Vergifteter Wahlkampf

Schon der Streit um den Wahltermin - die Regierungspartei PiS hielt bis zuletzt am 10. Mai fest - war von bitterer Unversöhnlichkeit geprägt. Am Ende musste die Wahl in der Corona-Krise doch verschoben werden. Und obwohl so ungewöhnlich viel Zeit gewesen wäre, Konzepte und Visionen abzuwägen, stand selten eine Sachfrage, sondern meist die Diffamierung des Gegners im Mittelpunkt.

Eine tragende Rolle spielte dabei das öffentliche Fernsehen TVP, das von einem Mann der Regierungspartei gesteuert wird und auf ungewöhnliche Weise für Amtsinhaber Andrzej Duda und vor allem gegen seinen Herausforderer Stimmung machte: Der liberale Warschauer Bürgermeister Rafal Trzaskowski erschien dort als ein elitärer Polen-Verräter, der sich mit Spekulanten, Juden und Deutschen gemein macht, um die einfachen Menschen zu betrügen. Ein Beispiel: "Experten haben keine Zweifel. Der Geldstrom, der jetzt polnischen Familien zugute kommt, wird austrocknen, wenn Rafal Trzaskowski danach strebt, jüdische Forderungen zu befriedigen", heißt es im Fernsehen.

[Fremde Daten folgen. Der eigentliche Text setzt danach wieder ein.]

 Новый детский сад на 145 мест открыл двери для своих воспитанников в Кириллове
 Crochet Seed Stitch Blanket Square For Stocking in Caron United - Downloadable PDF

Umgekehrt ließen auch einige private Medien ihre Präferenzen für die Opposition durchblicken statt möglichst neutral zu berichten. Insofern überrascht es wenig, dass sich die politisch-gesellschaftliche Spaltung des Landes im Spiegel der 1. Wahlrunde verschärfte: Der Westen wählt liberal, der Osten rechts, das flache Land Duda, die Städte Trzaskowski. Der hätte als Staatspräsident die Mittel, tief in den Gesetzgebungsprozess einzugreifen und den weiteren Umbau des Staates zu stoppen.

Kaum überbrückbare Gräben

Doch stellte er gar nicht so sehr ein Ende der umstrittenen Justizreformen in den Mittelpunkt. Kein Auftritt, bei dem Trzaskowski nicht versprach, aus dem hasserfüllten Gegeneinander auszubrechen und ein Präsident aller Polen sein zu wollen, auch derjenigen, die ihn nicht wählen: "Die Staatsmacht muss für die Menschen da sein und nicht umgekehrt. Dafür braucht man Zusammenarbeit. Einen starken Präsidenten, der der Regierung auf die Finger schaut. Der in schwierigen Situationen die Initiative ergreift, unabhängig ist. Der sich für Schwächere einsetzt und unsere Gemeinschaft wieder aufzubauen hilft!"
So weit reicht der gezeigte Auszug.